Mix and match from the lists below:


Tell your (ex)boss how you truly feel after all the long hard days and grinding hours of working together side-by-side (and there is no such thing as *too* obvious):

Since You've Been Gone (Kelly Clarkson) : Ouch! Burn! Direct hit!

I Hate Everything About You (Ugly Kid Joe) : Oldie but a goldie.

You're History ( Shakespear's Sister): Three minutes of pure schadenfreude.

It's Like That (Run DMC)

Walk Away (Franz Ferdinand): If only for the refrain, "I love the sound of you walking away."

Problems (Sex Pistols) :Let Johnny Rotten and co. stick up two fingers if you can't do it yourself for legal reasons.

Banging On The Drum (Todd Rundgren): Your boss' head as a percussion instrument? Excellent idea!

Hole In The Head (Sugarbabes): Your personal Greek chorus of spiky, bitchin' girl pop.

I'm Not Missing You (Stacie Orrico): as above.

Indirect Glee

Extra points if you can work these songs into the farewell office party playlist or karaoke session.

Say Hello, Wave Goodbye (Soft Cell): So camp and theatrical that you won't need those glycerine tears.

Closing Time (Semisonic): College rock but full of timely lyrical advice, such as, "You don't have to go home but you can't stay here."

Con Te Partiro [Time To Say Goodbye] (various opera artists): The only time you can use a touching operetta as a backhanded parting gesture!

Don't You Forget About Me (Simple Minds) : Refrain from thumbing your nose at your (ex)boss during the 'La-la-la" outro.

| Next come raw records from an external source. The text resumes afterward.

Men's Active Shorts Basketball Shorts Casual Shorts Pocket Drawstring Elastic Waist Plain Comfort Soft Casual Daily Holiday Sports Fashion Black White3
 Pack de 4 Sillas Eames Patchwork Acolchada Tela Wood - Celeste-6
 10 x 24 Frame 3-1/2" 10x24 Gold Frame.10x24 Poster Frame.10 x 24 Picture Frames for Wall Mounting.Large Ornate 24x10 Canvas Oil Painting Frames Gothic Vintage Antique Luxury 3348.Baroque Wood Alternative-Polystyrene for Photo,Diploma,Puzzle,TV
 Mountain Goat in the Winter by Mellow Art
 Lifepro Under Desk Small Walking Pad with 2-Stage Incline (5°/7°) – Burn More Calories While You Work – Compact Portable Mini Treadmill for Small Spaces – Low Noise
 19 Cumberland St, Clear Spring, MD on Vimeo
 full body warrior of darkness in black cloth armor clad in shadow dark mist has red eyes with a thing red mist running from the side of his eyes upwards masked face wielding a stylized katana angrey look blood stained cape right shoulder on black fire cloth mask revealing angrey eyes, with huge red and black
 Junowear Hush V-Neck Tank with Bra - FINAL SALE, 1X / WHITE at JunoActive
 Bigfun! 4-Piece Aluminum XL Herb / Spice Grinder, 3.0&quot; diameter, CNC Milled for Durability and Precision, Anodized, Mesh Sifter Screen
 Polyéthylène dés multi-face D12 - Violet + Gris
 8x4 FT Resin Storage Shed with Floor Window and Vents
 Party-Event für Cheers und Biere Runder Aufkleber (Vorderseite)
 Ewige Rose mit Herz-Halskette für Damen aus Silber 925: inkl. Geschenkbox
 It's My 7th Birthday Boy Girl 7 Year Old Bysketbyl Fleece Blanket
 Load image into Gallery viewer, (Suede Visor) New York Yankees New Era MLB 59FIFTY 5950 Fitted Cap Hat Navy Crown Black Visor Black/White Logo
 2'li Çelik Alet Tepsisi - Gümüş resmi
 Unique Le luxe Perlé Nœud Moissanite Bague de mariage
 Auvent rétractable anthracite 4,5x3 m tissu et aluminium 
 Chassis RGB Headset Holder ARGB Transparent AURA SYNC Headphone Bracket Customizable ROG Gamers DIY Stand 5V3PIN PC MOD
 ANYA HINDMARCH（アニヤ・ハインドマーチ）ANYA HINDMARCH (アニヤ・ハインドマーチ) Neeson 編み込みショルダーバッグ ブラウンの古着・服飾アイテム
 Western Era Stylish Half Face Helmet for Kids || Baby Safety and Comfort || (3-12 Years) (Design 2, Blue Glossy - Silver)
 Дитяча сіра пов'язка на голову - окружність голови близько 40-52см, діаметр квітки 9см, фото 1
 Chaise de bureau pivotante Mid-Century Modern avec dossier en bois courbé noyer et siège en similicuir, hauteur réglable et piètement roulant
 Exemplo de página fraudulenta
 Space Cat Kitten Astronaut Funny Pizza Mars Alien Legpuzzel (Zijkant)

Don't Look Back In Anger (Oasis): 'Don't look back' only because you are all thumbing your noses...!

Don't Dream It's Over (Crowded House): Caution: May cause blubbing amongst toadies and lackeys.

Goodbye My Lover (James Blunt): Be a sadist and inflict this on the office party. Also gains extra meaning in light of any soured office romances.

Private Glee

Songs to play to yourself after hearing the good news.

Now We Are Free (Hans Zimmer and Lisa Gerrard, 'Gladiator-OST'): It's a shame that gladitorial games are defunct, you'd pay good money to see your boss thrown to the lions.

Last Goodbye (Jeff Buckley): Too unnerving for the farewell party, a bizarre yet euphoric combination of Led Zeppelin and The Smiths (speaking of which...)

Frankly Mr. Shankly (The Smiths): "You're a flatulent pain in the arse", so sings Morissey to the titular character...

You Just Haven't Earned It Yet Baby (The Smiths)

Free-Fallin' (Tom Petty and the Heartbreakers): For the drive home.

A New Day Has Come (Celine Dion): For the drive to work.


When you really don't give a flying puck and feel like square-dancing amongst the cubicles and down the corridor.

Elevation (U2)

Song 2 (Blur): Jump up and punch the ceiling in time to the chorus', 'WOO-HOO!".